Early One Morning, by Robert Ryan, is in many ways an excellent novel. I just wish I liked it more.
The book is inspired by the real-life exploits of Robert Benoist, William Grover, and Eve Aubicq. These three were young in the 1930s: the two men were racing-car drivers, and in the second world war all three were involved in the French Resistance movement. Ryan has used this background as the basis for a thriller.
The author's note, at the back of the book, and the bibliography, reveal that Ryan did a significant amount of research. And not just reading, either; he also interviewed some of the Special Operations Executive staff from that era. This is a background which I have used myself in more than one novel, so I can see immediately how much work Ryan has done to get things right. Although, as the author rightly insists, the novel is very much a novel; it is a work of fiction suggested by the historical facts.
Ryan has written three previous novels, which seem to have garnered some enthusiastic reviews. 'Wonderfully exhilarating,' said the Sunday Times of one; 'I doubt whether there will be a better novel this year,' said the Independent.
So, given that the background is of great interest to me, and given that Ryan is so obviously a competent writer, why didn't I really enjoy this book?
Well, it may just be the weather (hot), or perhaps it is my grumpy temperament, as usual; but I suspect that there are technical reasons.

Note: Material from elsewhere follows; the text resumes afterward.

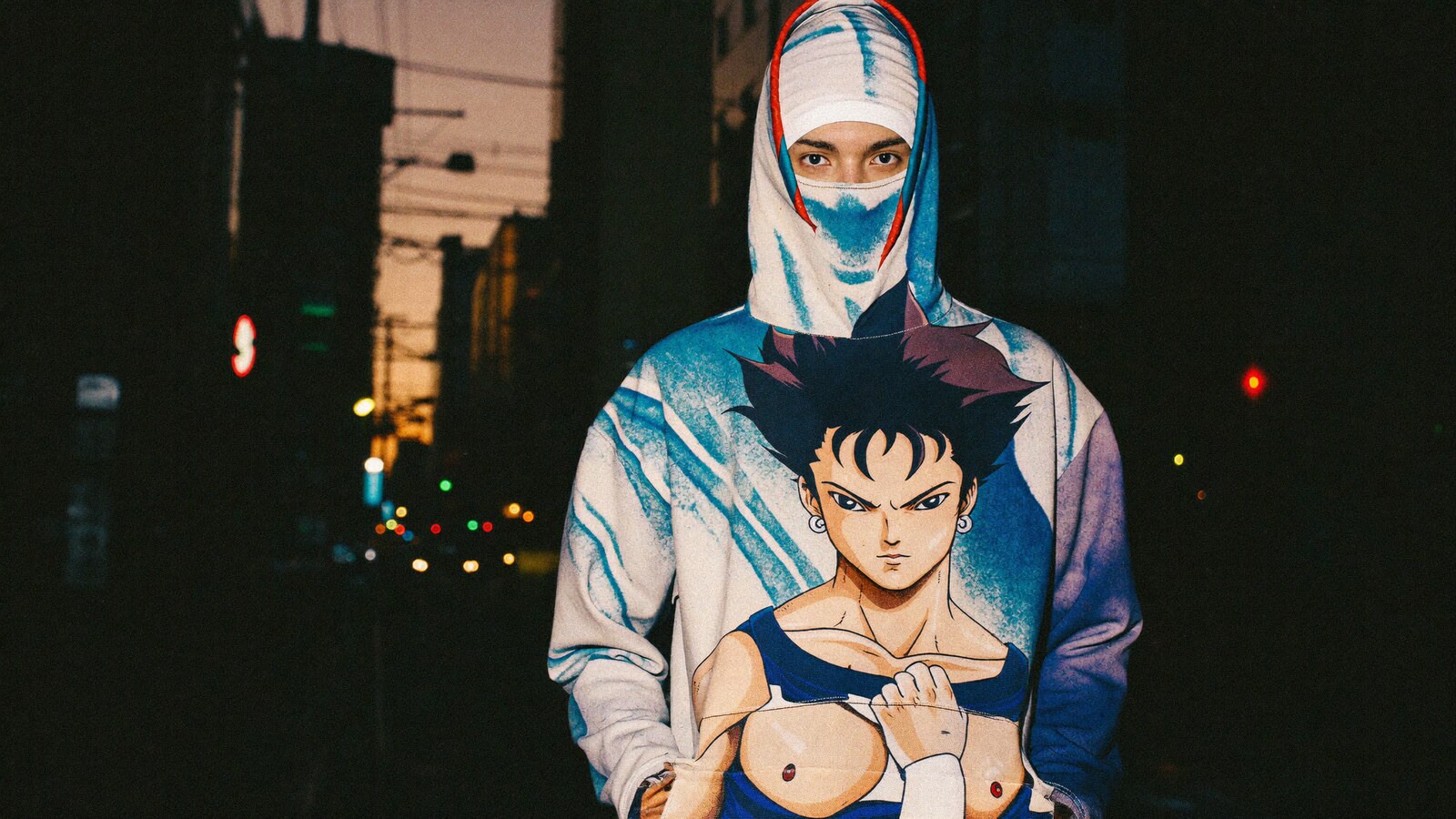 Person wearing an anime-inspired masked hoodie in an editorial scene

First, the book moves back and forth from 2001 to the 1930s, and then on to war time, 1942/43. Yes, I have used this kind of chronological structure myself, but flashbacks and flashforwards really don't help. The best way to involve a reader is to start at the beginning of a story and go on to the end, and not whizz back and forth.
It is no accident, for instance, that Margery Allingham's novel Hide My Eyes (which I have also just finished reading) confines all its action to twenty-four hours. Allingham knew that keeping things tight pays dividends. Neither is it an accident that when James Grady's book Six Days of the Condor was filmed, the title was changed to Three Days of the Condor. A short time-frame is better than a long one, OK?

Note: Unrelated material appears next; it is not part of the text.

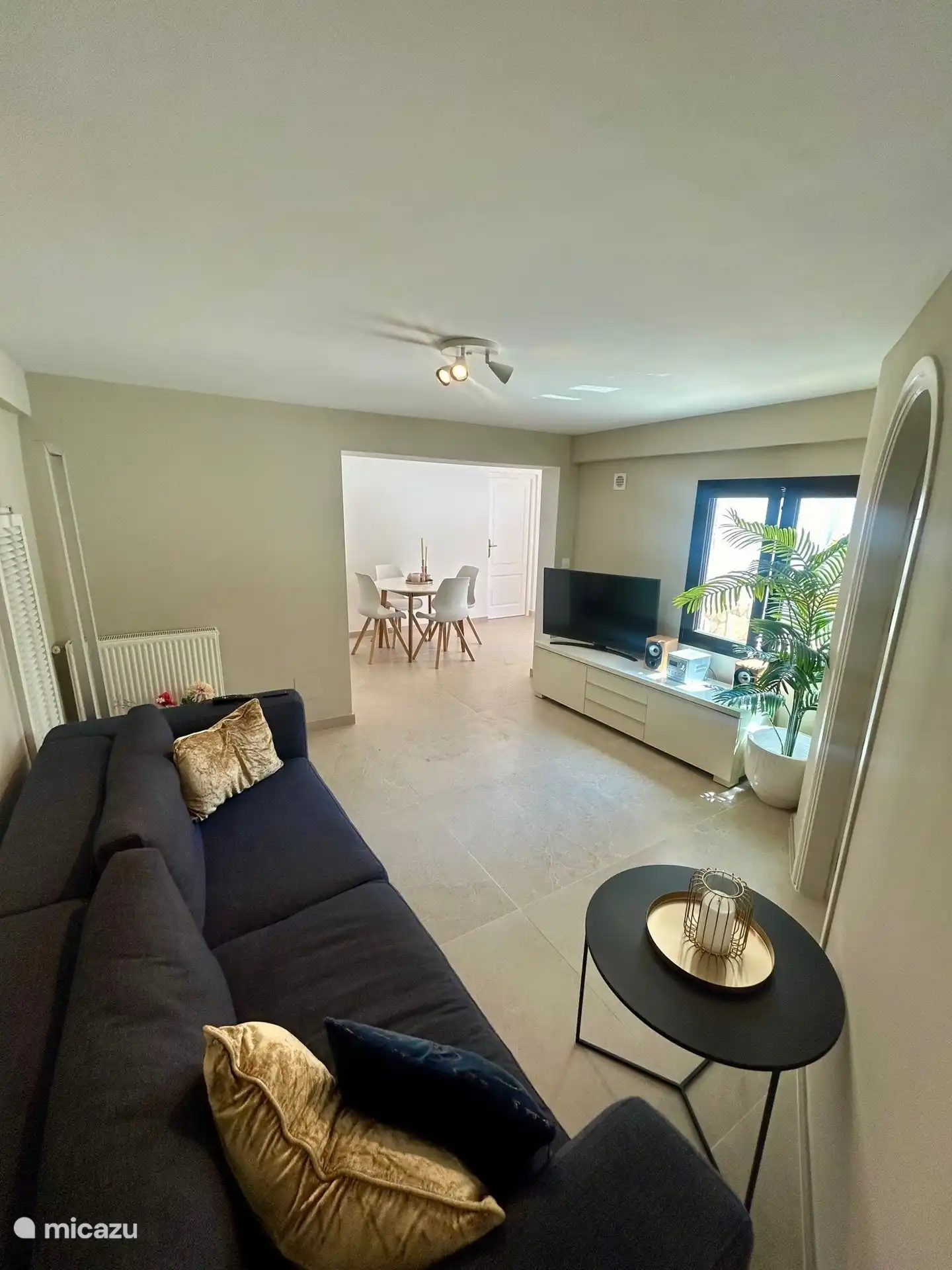 De woonkamer met zicht op het zwembad en tv met alle Nederlandse zenders.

The next problem is that, as usual, the book is just too damn long. It runs to 335 pages, which is what publishers these days want, of course. It gives the reader the impression of value for money. But is writing at that length the best way to grab and hold your reader? I take leave to doubt it.
Finally we have the technical question of viewpoint. Really powerful and effective novels view the action solely from the viewpoint of a small number of characters. See Ken Follett's The Key to Rebecca if you want a well-nigh perfect example. (That is another book, incidentally, which is set in the second world war.) And for my money Ryan's use of viewpoint is too diffuse.

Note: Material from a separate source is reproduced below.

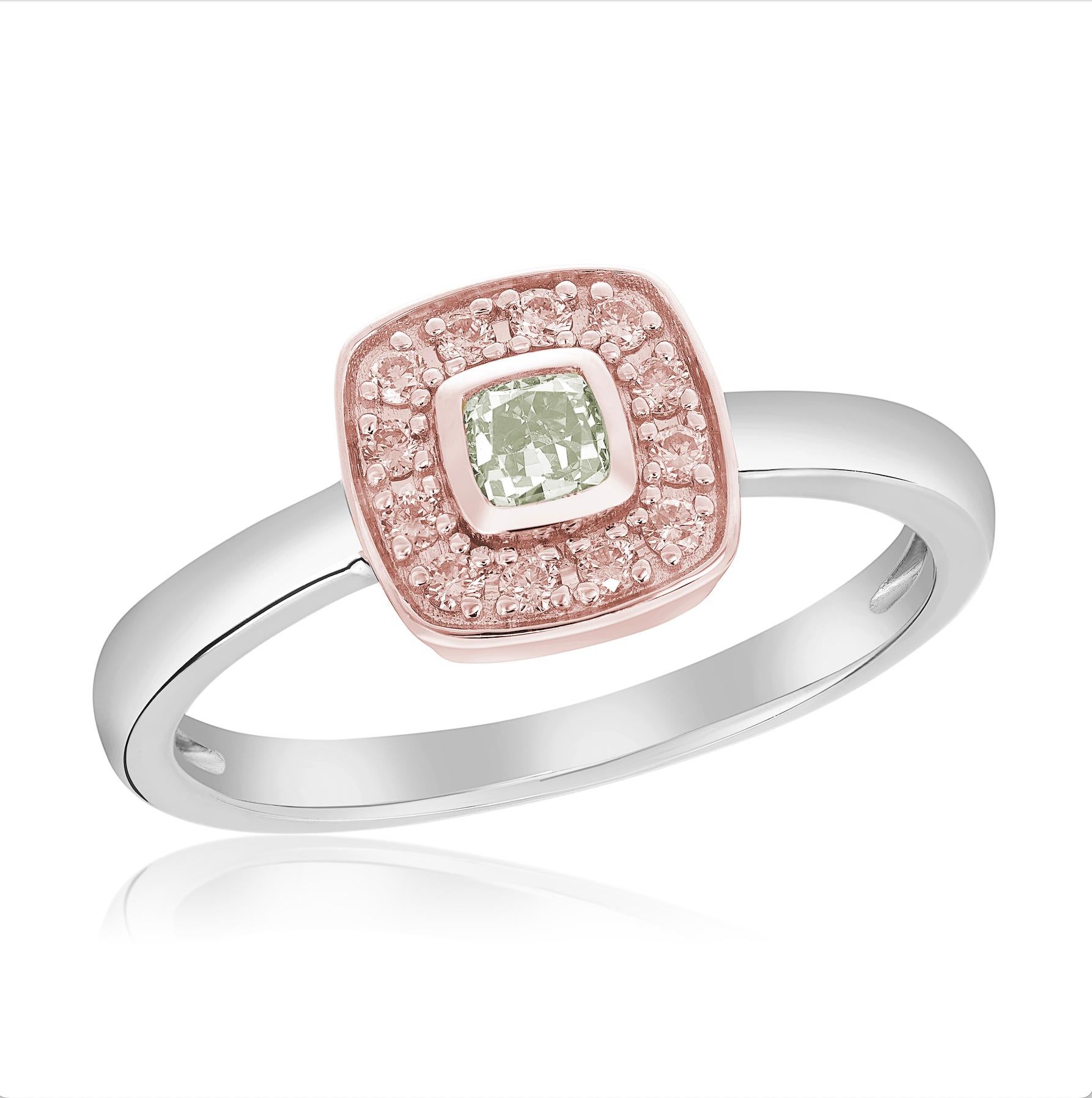 Indulge in the exquisite beauty of our stackable halo ring, adorned with a captivating 0.16-carat fancy intense yellowish-green cushion diamond. Embraced by a halo of 14k rose gold, this enchanting gem is enhanced by 12 dazzling fancy argyle pink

However.... Having said all that, I have to say that the reviewers on Amazon take a different view of Early One Morning, and I don't think those particular readers' reports are fakes. The average punter seems to have enjoyed the book. So, if you're looking for a good wartime thriller, give this a go.
Finally, I find myself, as usual, wondering about the economics of all this, and asking myself whether it is likely that Mr Ryan will continue to write novels. He has not been taken up by an American publisher, so his income is presumably dependent on the UK market. Furthermore, good reviews (as I can testify) do not necessarily result in big sales. And Mr Ryan has a wife and three children. So the question is this: Is writing novels a cost-effective use of his time?
Knowing what I do about how long it takes to research and write a novel of this kind, and knowing what I do about the financial return on a not particularly big seller in the UK market, I think the answer is surely No.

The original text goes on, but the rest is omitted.